Data to process: Begin

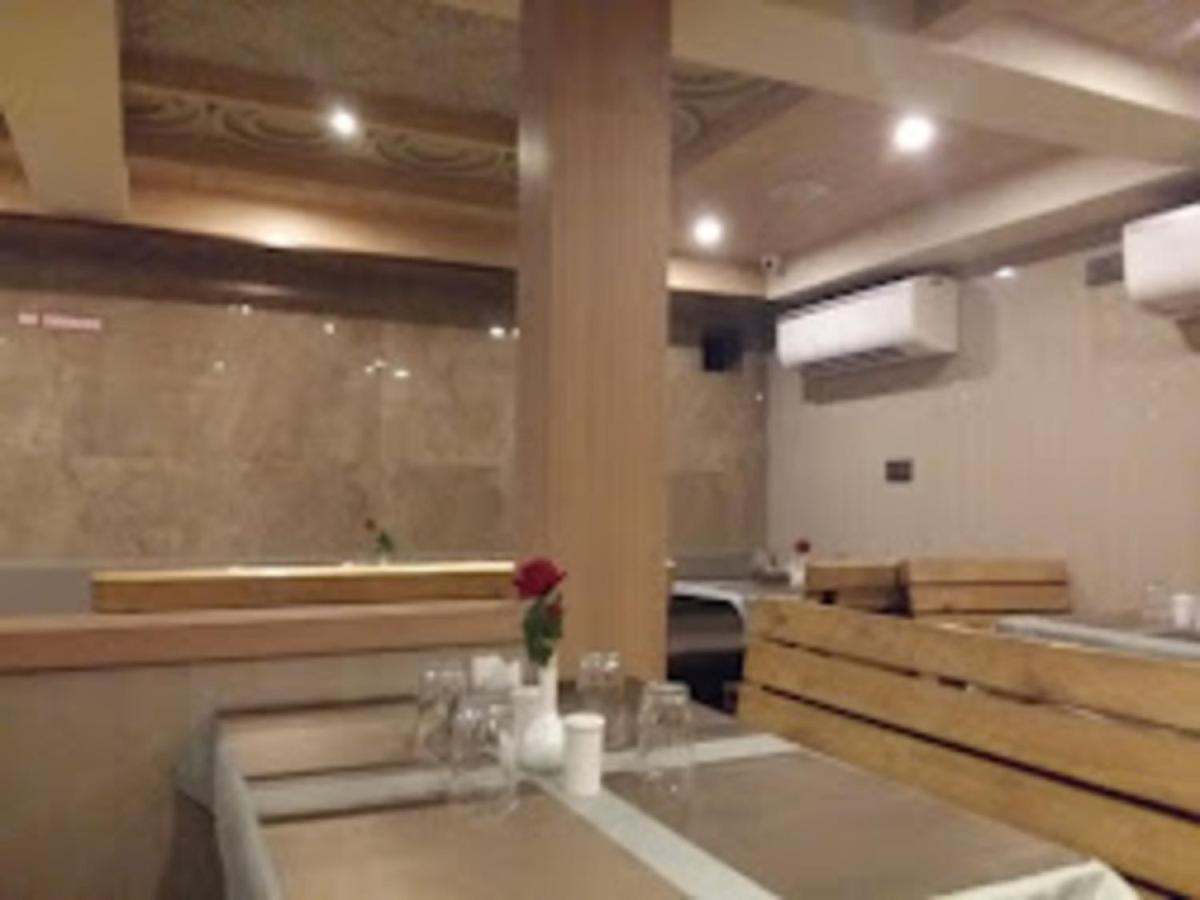 מומביי Panvel Palace Hotel מראה חיצוני תמונה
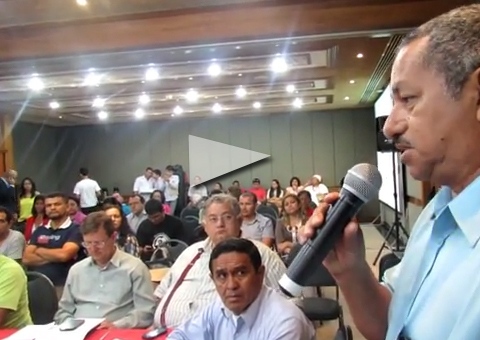 Em encontro do PT, militantes reconhecem que é difícil acessar os programas sociais no Amazonas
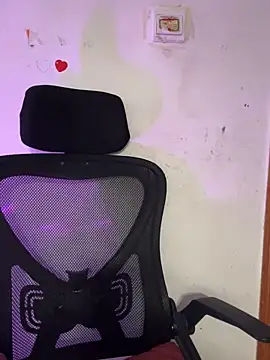 xoxo7799 online show from 11/17/25, 02:17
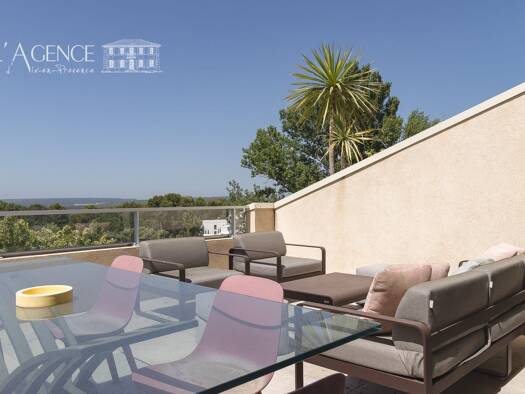 Appartement à vendre 1 145 000 € 4 pièces 3 chambres 160 m² Étage 1/1 Saint Mitre les Granettes Pey Blanc Aix-en-Provence 13090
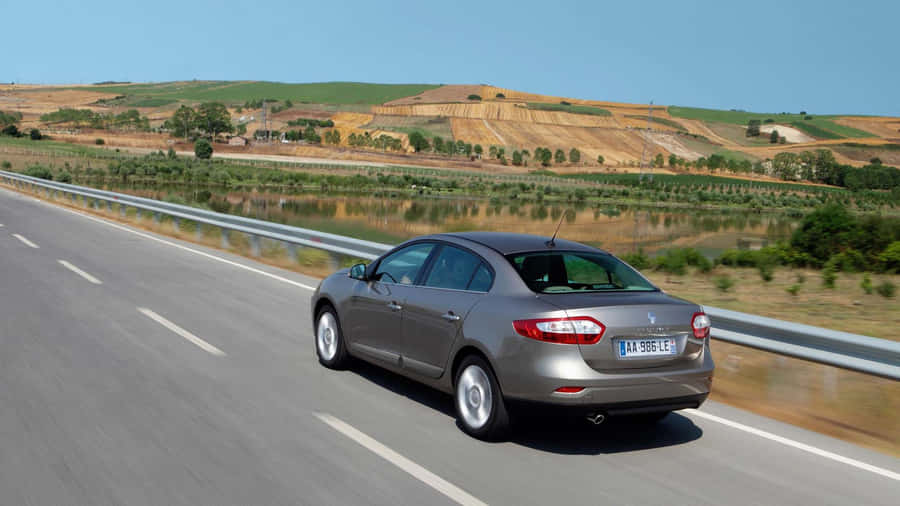 Elegant Renault Fluence In Motion Wallpaper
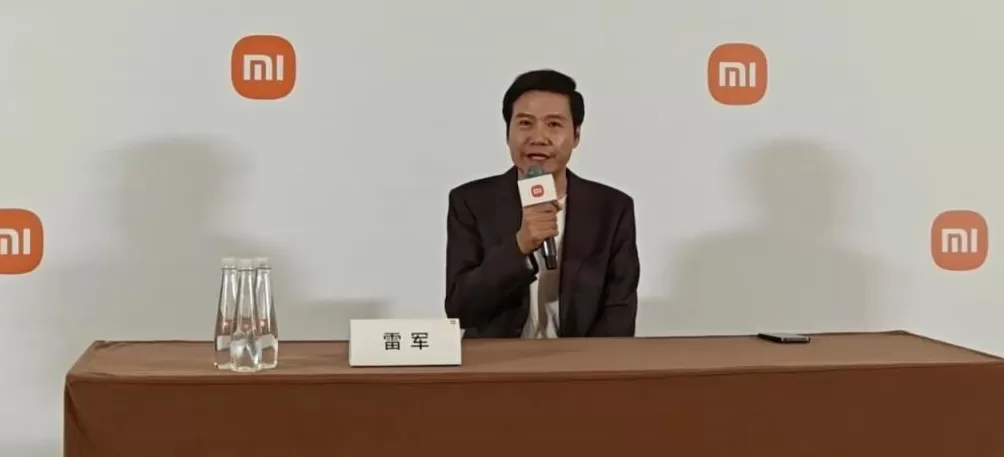 雷军深夜畅聊：小米是被黑最惨的车企之一；小米16改名17，产品力非常炸裂；国产汽车都在进步，没必要搞得很难看-第1张图片-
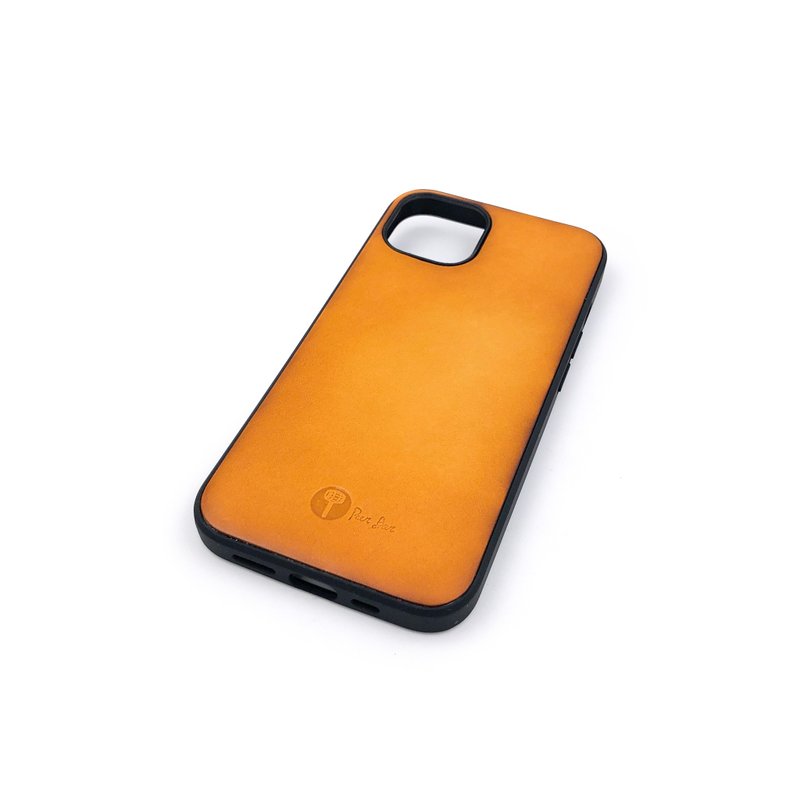 手工植鞣皮革-iPhone 13 手機殼 - 手機殼/手機套 - 真皮 卡其色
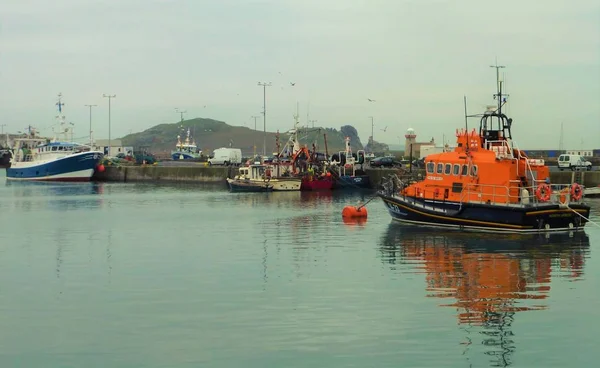 Малюнок гавані у місті Howth — стокове фото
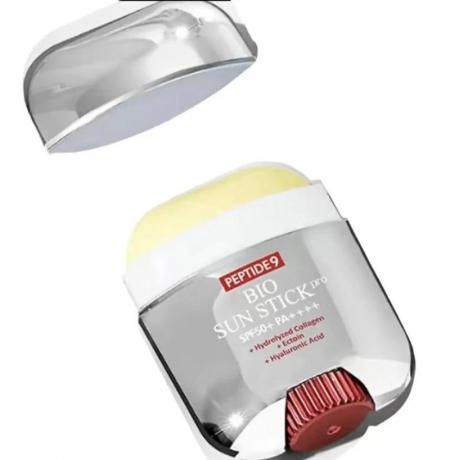 Why a Sunscreen Stick Is the Easiest Way to Stay Sun-Safe Every Day cover picture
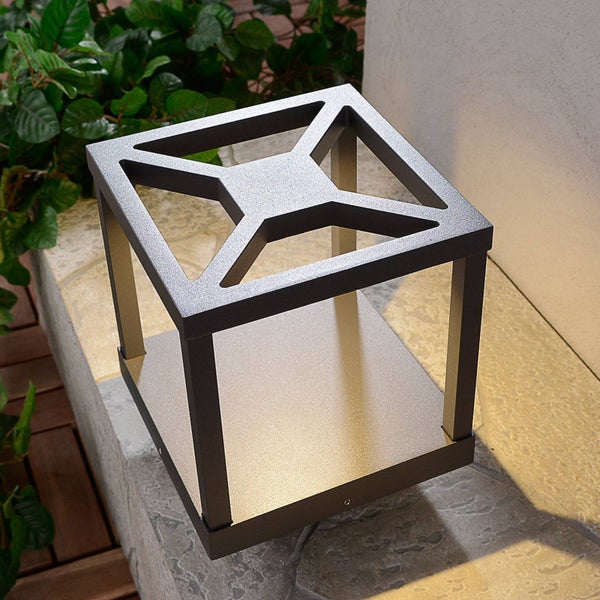 Moderne würfelförmige Außenstehleuchte aus Metall für Garten und Terrasse.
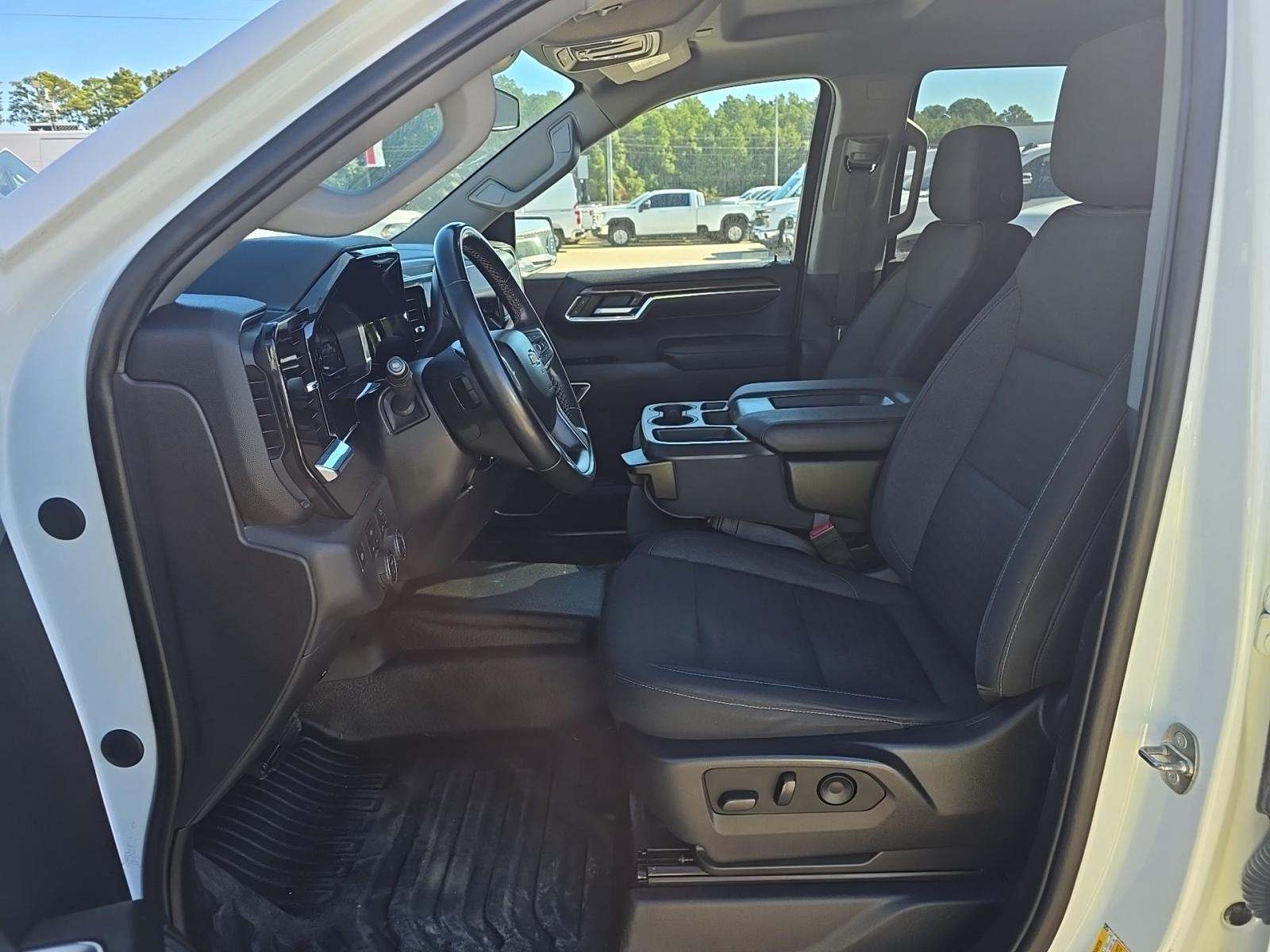 2023 Chevrolet Silverado 1500 LT AWD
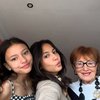 9 Foto Pevita Pearce Temui Adik dan Oma di Inggris, Kompak Ziarah ke Makam Sang Ayah!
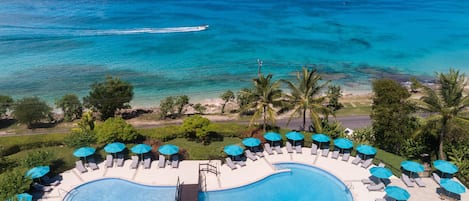 4 piscines extérieures, parasols de plage, chaises longues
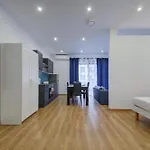 Modern In Centre Walk To Seafront, Wifi & Ac Sliema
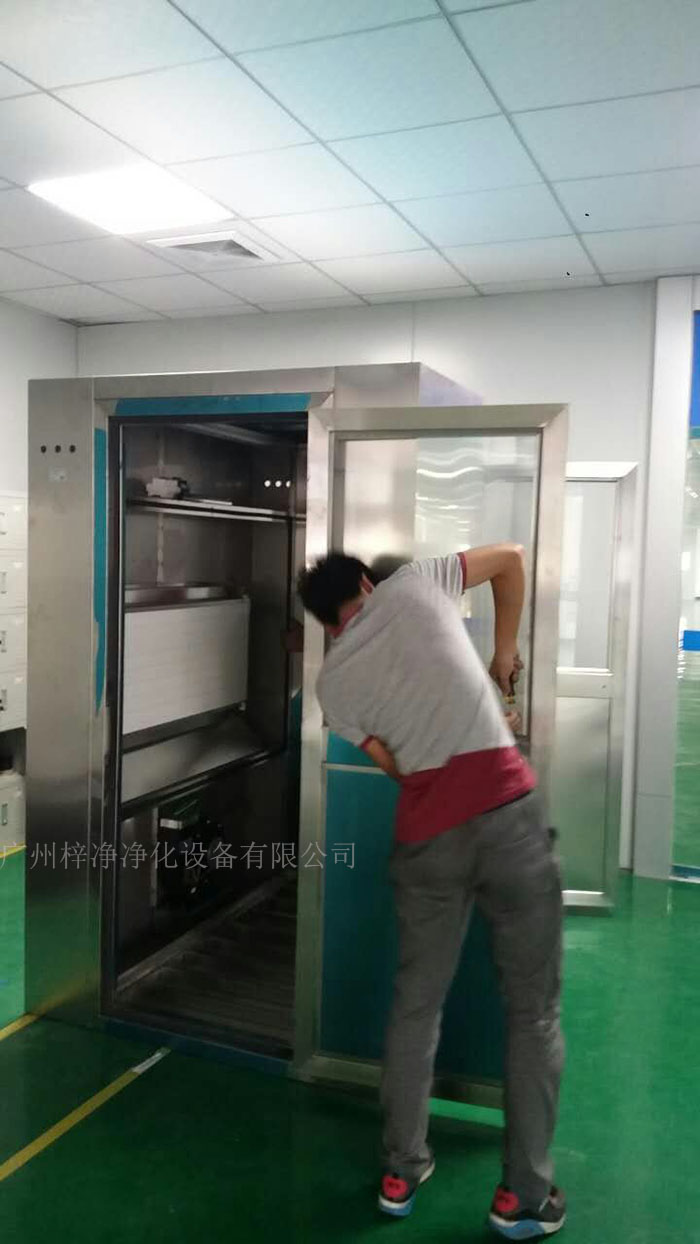 在计划安装风淋室的位置用粉笔或标记笔进行清晰标记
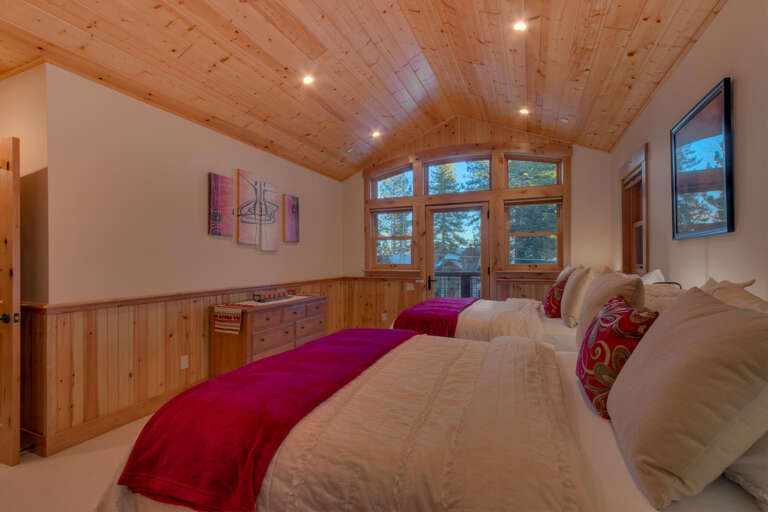 Guest Suite - Two Queens - Floor 2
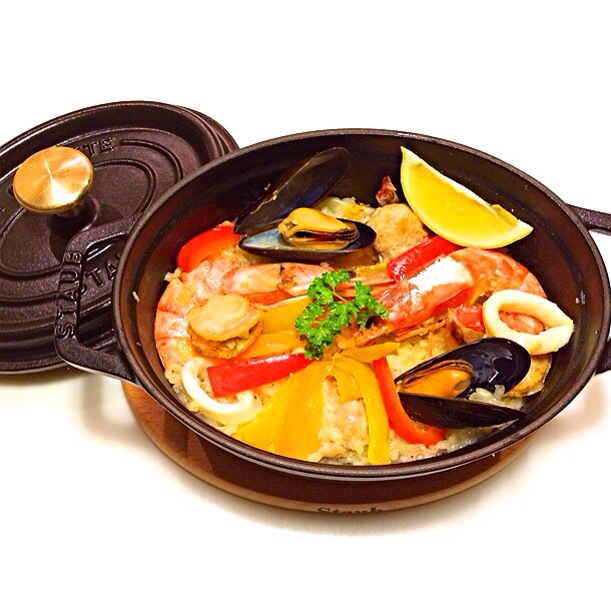 Staub ストウブ 料理が腹ペコ警報 プロ料理家の愛用鍋 自宅でも大活躍 Snapdish スナップディッシュ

Data to process: End

Omitting all pictures, copy the preceding entries without any alteration.

Exercise result:
 מומביי Panvel Palace Hotel מראה חיצוני תמונה
 Em encontro do PT, militantes reconhecem que é difícil acessar os programas sociais no Amazonas
 xoxo7799 online show from 11/17/25, 02:17
 Appartement à vendre 1 145 000 € 4 pièces 3 chambres 160 m² Étage 1/1 Saint Mitre les Granettes Pey Blanc Aix-en-Provence 13090
 Elegant Renault Fluence In Motion Wallpaper
 雷军深夜畅聊：小米是被黑最惨的车企之一；小米16改名17，产品力非常炸裂；国产汽车都在进步，没必要搞得很难看-第1张图片-
 手工植鞣皮革-iPhone 13 手機殼 - 手機殼/手機套 - 真皮 卡其色
 Малюнок гавані у місті Howth — стокове фото
 Why a Sunscreen Stick Is the Easiest Way to Stay Sun-Safe Every Day cover picture
 Moderne würfelförmige Außenstehleuchte aus Metall für Garten und Terrasse.
 2023 Chevrolet Silverado 1500 LT AWD
 9 Foto Pevita Pearce Temui Adik dan Oma di Inggris, Kompak Ziarah ke Makam Sang Ayah!
 4 piscines extérieures, parasols de plage, chaises longues
 Modern In Centre Walk To Seafront, Wifi & Ac Sliema
 在计划安装风淋室的位置用粉笔或标记笔进行清晰标记
 Guest Suite - Two Queens - Floor 2
 Staub ストウブ 料理が腹ペコ警報 プロ料理家の愛用鍋 自宅でも大活躍 Snapdish スナップディッシュ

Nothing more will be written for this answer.